The Department accepted and relied upon the sales tax returns and taxpayers' representations as to its taxable sales for a period of at least three years. In deciding to impose the 100 percent fraud penalty, the Department was justified in concluding that taxpayers acted with intent to deceive, that the Department had mistakenly relied upon taxpayers' representations, and that the Department was "injured" by failing to collect the amount of sales tax to which it – and by implication the state of Indiana – was entitled. Therefore, the three elements of fraud set out in 45 IAC 15-5-7(f)(3)(C), (D), and (E) are met.
FINDING
Taxpayers' protest is denied.
III. Tax Administration – Jeopardy Assessment.
DISCUSSION
Taxpayers maintain that the Department was not justified in resorting to the "jeopardy assessment" remedy pursuant to IC § 6-8.1-5-3(a). That provision states as follows:
If at any time the department finds that a person owing taxes intends to quickly leave the state, remove his property from the state, conceal his property in the state, or do any other act that would jeopardize the collection of those taxes, the department may declare the person's tax period at an end, may immediately make an assessment for the taxes owing, and may demand immediate payment of the amount due, without providing the notice required in IC § 6-8.1-8-2.

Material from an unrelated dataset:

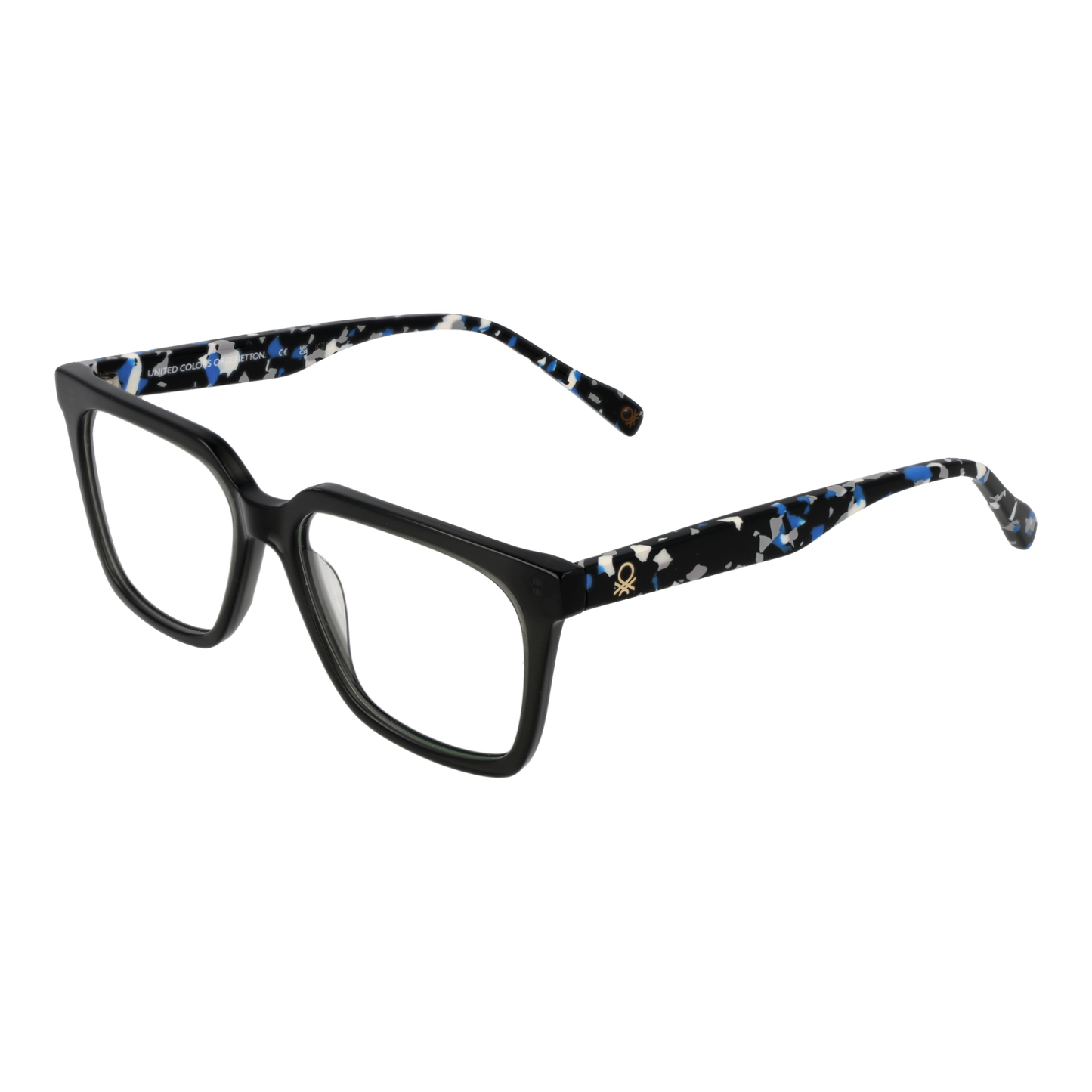 Benetton Eyeglasses frame BEO110 002 53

The Department saw fit to collect the sales tax due by requiring immediate payment of the amount assessed and to forgo the notice provisions set out IC § 6-8.1-8-2. The Department concluded that taxpayers were maintaining two sets of records; one set of records can loosely be categorized as "show to the Department of Revenue" and the second set of records can be loosely categorized as "don't show to the Department of Revenue." The disparate records demonstrate that taxpayers failed to collect and/or remit substantial amount of sales tax. Given the taxpayers' egregious, repeated, and substantial misrepresentations, the Department reasonably concluded that any procedural delay in collecting the amount of tax owed would "jeopardize the collection of those taxes." Taxpayers have failed to meet the burden under IC § 6-8.1-5-1(b) of demonstrating that the Department erred in resorting to the jeopardy assessment remedy available under IC § 6-8.1-5-3(a).
FINDING
Taxpayers' protest is denied.
Taxpayers make peripheral objections to the seizure of business records on the ground that the search warrant "was based in part on incorrect and incomplete facts provided to the Prosecutor by the Department of Revenue's own auditor." Taxpayer also objects to the seizure of the business records on the ground that the seizure caused "taxpayer substantial damage and will cause irreparable harm unless the collection warrants are recalled...." These secondary objections are beyond the purview of an administrative hearing and will not be addressed here.
SUMMARY
Taxpayers' protests are denied in their entirety.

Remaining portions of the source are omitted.